Kollektivvertrag österreich chemie

July 24th, 2020
by Dave

Ein neues Thema ist die Aufmerksamkeit auf die Vereinbarkeit von Beruf und Privatleben in Tarifverträgen in den letzten Jahren. Der häufigste Fall ist die Anerkennung von Elternurlaubszeiten für Lohnerhöhungen (d. h. Erhöhungen innerhalb des Lohnsystems) unterschiedlicher Länge – zwischen zehn Monaten nur für das erste Kind (z. B. im Einzelhandel) bis zur vollen Länge bis zum zweiten Geburtstag jedes Kindes (z. B. im Bankensektor, im Baugewerbe oder in der chemischen Industrie) – und die Anerkennung von Elternurlaubszeiten gegenüber Ansprüchen, die von der Dauer der Dienstzeit abhängig sind (z. B. Urlaubsansprüche). , Service-Jubiläumsbonus) unterschiedlicher Länge (z.B. die volle Anerkennung aller Urlaubszeiten in der Metallindustrie).
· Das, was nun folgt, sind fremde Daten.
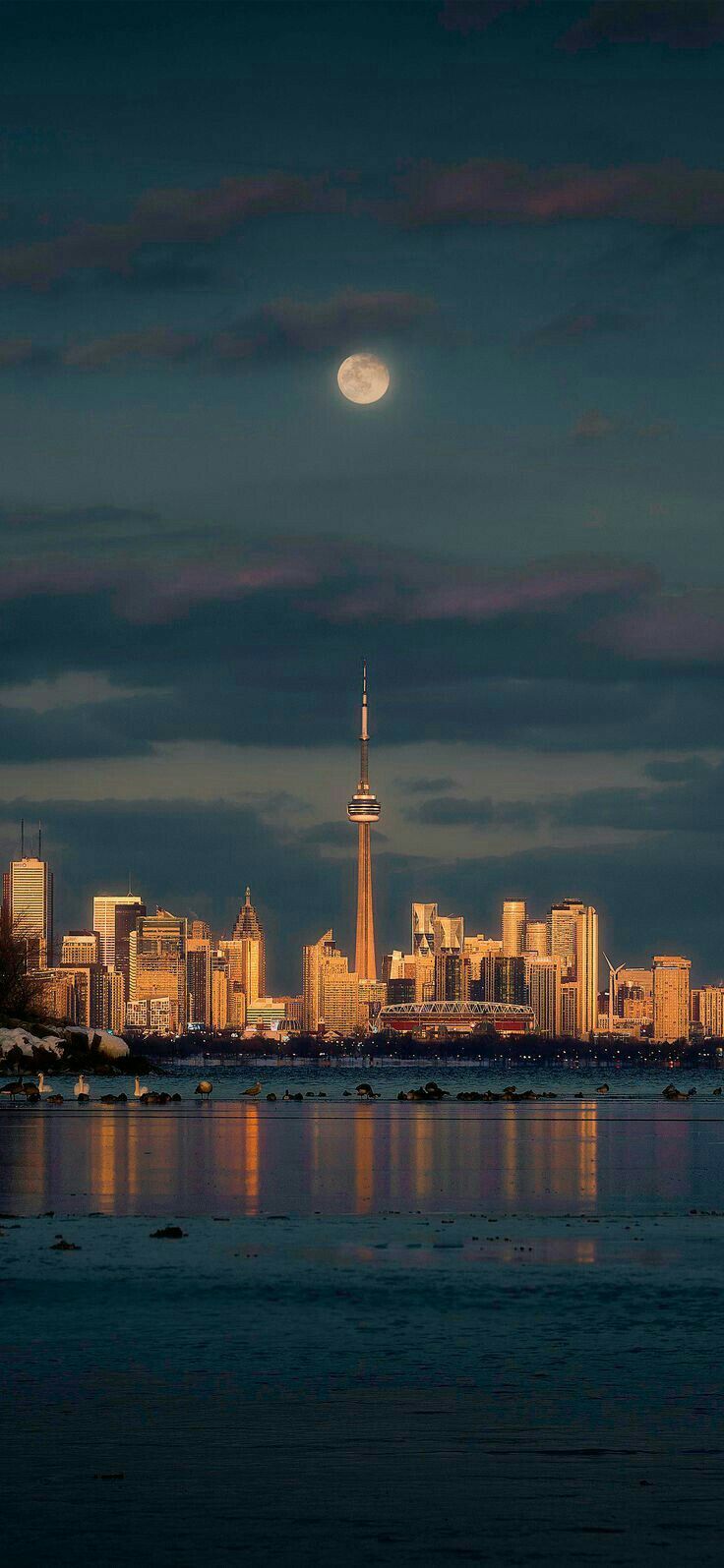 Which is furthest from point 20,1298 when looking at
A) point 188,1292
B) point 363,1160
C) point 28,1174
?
point 363,1160

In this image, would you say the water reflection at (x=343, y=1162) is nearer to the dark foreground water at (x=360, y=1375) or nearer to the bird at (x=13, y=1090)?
the dark foreground water at (x=360, y=1375)

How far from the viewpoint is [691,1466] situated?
17062mm

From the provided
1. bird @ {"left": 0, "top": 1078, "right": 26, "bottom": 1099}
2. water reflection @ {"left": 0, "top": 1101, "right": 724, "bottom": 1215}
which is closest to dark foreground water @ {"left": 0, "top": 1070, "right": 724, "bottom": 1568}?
A: water reflection @ {"left": 0, "top": 1101, "right": 724, "bottom": 1215}

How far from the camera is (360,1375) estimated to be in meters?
21.7

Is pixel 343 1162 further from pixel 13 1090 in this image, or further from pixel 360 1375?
pixel 13 1090

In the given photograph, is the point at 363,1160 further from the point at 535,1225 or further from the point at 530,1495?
the point at 530,1495

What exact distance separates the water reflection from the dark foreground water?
42 centimetres

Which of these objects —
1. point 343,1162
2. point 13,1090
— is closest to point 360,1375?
point 343,1162

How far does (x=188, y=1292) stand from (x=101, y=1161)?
31.9m

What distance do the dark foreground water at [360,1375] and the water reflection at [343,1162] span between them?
0.42 m

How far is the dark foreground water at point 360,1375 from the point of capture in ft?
50.0

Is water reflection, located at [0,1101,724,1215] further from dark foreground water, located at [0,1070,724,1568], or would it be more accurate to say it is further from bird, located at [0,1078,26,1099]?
bird, located at [0,1078,26,1099]

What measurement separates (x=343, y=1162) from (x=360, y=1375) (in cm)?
4040

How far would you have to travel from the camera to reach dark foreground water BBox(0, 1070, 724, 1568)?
15.2 metres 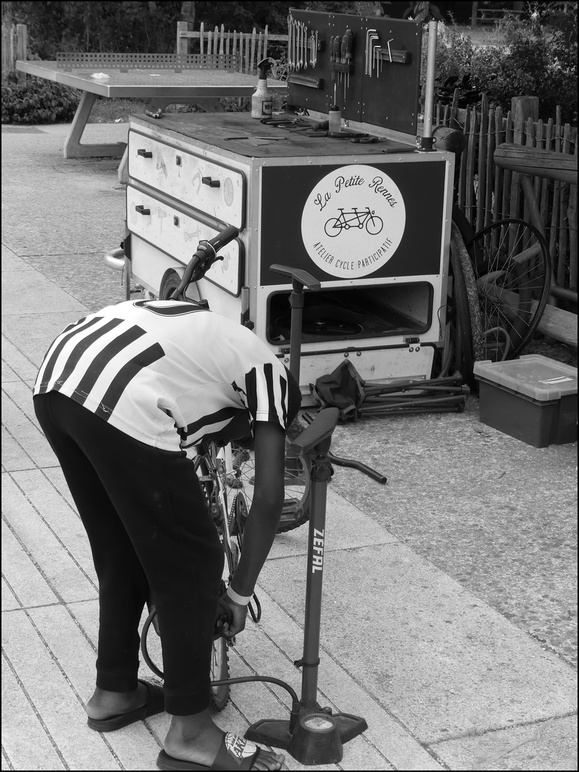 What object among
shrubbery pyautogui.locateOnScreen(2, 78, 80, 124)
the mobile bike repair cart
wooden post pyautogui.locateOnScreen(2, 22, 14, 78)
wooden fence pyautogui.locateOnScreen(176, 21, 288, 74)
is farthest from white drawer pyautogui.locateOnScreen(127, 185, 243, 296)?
wooden post pyautogui.locateOnScreen(2, 22, 14, 78)

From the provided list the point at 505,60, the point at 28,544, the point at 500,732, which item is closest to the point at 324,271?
the point at 28,544

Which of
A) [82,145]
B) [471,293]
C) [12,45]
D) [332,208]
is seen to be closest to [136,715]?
[332,208]

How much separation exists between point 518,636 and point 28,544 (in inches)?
→ 78.1

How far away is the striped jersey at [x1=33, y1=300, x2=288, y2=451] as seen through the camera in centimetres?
265

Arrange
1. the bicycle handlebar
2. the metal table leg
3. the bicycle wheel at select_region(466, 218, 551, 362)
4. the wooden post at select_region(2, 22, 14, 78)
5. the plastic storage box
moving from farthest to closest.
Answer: the wooden post at select_region(2, 22, 14, 78), the metal table leg, the bicycle wheel at select_region(466, 218, 551, 362), the plastic storage box, the bicycle handlebar

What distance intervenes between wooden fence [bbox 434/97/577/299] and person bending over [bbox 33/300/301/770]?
4690 millimetres

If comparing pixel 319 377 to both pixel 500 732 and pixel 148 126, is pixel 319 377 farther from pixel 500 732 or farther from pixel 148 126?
pixel 500 732

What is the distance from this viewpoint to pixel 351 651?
366 cm

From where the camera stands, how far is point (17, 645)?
3.59 m

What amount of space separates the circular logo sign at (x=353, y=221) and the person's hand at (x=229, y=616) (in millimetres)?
3237

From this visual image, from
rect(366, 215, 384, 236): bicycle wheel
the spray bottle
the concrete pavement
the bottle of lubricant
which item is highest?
the spray bottle

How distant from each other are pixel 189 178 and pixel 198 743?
13.7ft

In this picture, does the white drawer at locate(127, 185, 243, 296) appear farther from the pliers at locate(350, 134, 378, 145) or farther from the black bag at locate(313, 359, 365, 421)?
the pliers at locate(350, 134, 378, 145)

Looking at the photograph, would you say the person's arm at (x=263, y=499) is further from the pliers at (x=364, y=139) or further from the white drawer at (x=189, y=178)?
the pliers at (x=364, y=139) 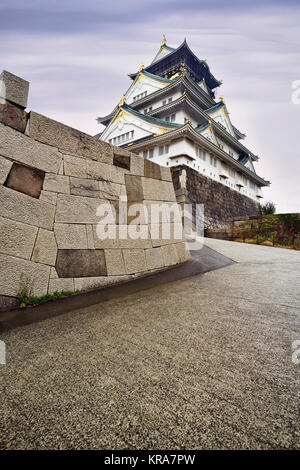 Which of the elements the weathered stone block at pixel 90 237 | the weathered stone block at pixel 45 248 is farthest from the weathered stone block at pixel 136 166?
the weathered stone block at pixel 45 248

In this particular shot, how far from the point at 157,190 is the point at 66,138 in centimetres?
191

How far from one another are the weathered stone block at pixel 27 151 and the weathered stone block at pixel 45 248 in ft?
2.99

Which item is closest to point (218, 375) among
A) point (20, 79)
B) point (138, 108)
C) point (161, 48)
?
point (20, 79)

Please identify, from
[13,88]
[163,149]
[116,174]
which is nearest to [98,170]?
[116,174]

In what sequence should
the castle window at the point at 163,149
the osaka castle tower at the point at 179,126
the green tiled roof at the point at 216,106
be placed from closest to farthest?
the osaka castle tower at the point at 179,126 → the castle window at the point at 163,149 → the green tiled roof at the point at 216,106

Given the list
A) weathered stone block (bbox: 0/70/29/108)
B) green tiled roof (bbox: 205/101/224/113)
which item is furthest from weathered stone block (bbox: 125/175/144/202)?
green tiled roof (bbox: 205/101/224/113)

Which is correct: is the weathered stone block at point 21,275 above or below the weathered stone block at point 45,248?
below

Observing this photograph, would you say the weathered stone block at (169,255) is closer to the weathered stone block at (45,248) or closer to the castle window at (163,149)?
the weathered stone block at (45,248)

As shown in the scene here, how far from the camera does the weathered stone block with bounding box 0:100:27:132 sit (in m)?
2.75

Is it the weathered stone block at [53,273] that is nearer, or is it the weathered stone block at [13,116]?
the weathered stone block at [13,116]

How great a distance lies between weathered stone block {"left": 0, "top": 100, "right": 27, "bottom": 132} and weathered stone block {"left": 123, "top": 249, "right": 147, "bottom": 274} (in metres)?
2.27

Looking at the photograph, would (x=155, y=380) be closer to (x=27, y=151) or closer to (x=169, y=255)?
(x=27, y=151)

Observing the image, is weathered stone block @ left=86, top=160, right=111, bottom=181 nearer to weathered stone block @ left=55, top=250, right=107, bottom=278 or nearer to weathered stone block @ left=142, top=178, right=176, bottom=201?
weathered stone block @ left=142, top=178, right=176, bottom=201

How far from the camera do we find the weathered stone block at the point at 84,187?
10.8ft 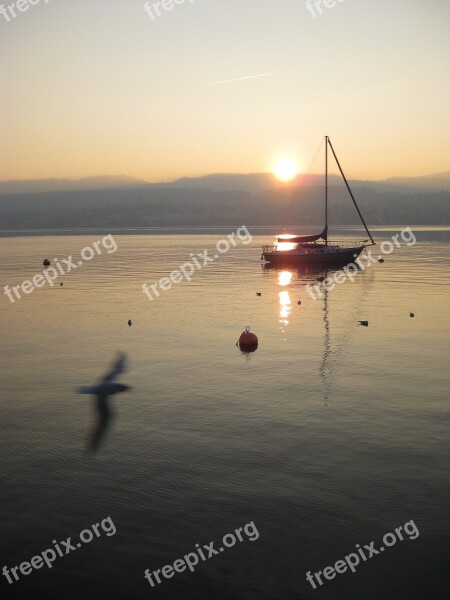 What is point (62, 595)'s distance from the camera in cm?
Result: 1107

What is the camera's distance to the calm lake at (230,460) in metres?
11.8

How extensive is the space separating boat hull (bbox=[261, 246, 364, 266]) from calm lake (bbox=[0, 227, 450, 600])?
48.3m

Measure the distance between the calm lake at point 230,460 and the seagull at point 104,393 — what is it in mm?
319

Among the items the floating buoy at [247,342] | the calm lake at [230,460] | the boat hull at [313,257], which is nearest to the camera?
the calm lake at [230,460]

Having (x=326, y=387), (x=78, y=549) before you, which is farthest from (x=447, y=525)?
(x=326, y=387)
Darüber hinaus sind in den Tarifverträgen für die Sozialfürsorge Bestimmungen zum Pflegeurlaub enthalten – so dass die Arbeitnehmer einen Kollektivanspruch dafür haben und nicht individuell ausgehandelt werden müssen – da es dafür keinen Rechtsanspruch gibt und mit dem Arbeitgeber verhandelt werden muss. Die gesetzliche Arbeitszeitregelung in Österreich ist im Arbeitszeitgesetz (AZG) und im Restruhegesetz (ARG) festgelegt, das den rechtlichen Rahmen für die Arbeitszeitregelung festlegt. Nach diesen Gesetzen sind Abweichungen von den gesetzlichen Standards auf Branchen- und Unternehmensebene möglich, dies erfordert jedoch zunächst einen Branchentarifvertrag und auf dieser Grundlage einen Betriebsvertrag zwischen Betriebsrat und Geschäftsführung. Daher bleibt die Arbeitszeit ein Thema in den Tarifverhandlungen. Dies gilt insbesondere seit den letzten Änderungen des Arbeitszeitgesetzes (AZG), die die Möglichkeiten für flexible Arbeitszeitregelungen erhöht, deren Umsetzung tarifvertraglich vorbehalten und zuletzt (2018) die Höchstarbeitszeit von 10 auf 12 Stunden pro Tag und von 50 auf 60 Stunden pro Woche verlängert haben. Der für die Beschäftigten des öffentlichen Bediensteten bereinigte Tariferstattungssatzes in Österreich wird auf über 95 % geschätzt. Dies ist – im internationalen Vergleich – vor allem darauf zurückzuführen, dass fast alle Vereinbarungen von Untereinheiten der WKO abgeschlossen werden, deren Mitgliedschaft obligatorisch ist. Die letzten Änderungen des Arbeitszeitgesetzes (AZG) haben die Möglichkeiten für flexible Arbeitszeitregelungen erweitert und deren Umsetzung tarifvertraglich vorbehalten. Inzwischen gibt es in den meisten Branchentarifverträgen in Österreich Bestimmungen über flexible Arbeitszeitregelungen. Dies bezieht sich insbesondere auf Bandbreitenmodelle und Gleitzeit. Bandbreitenmodelle ermöglichen es Unternehmen, die normale Arbeitszeit innerhalb eines bestimmten Schwankungskreises zu überschreiten, z. B.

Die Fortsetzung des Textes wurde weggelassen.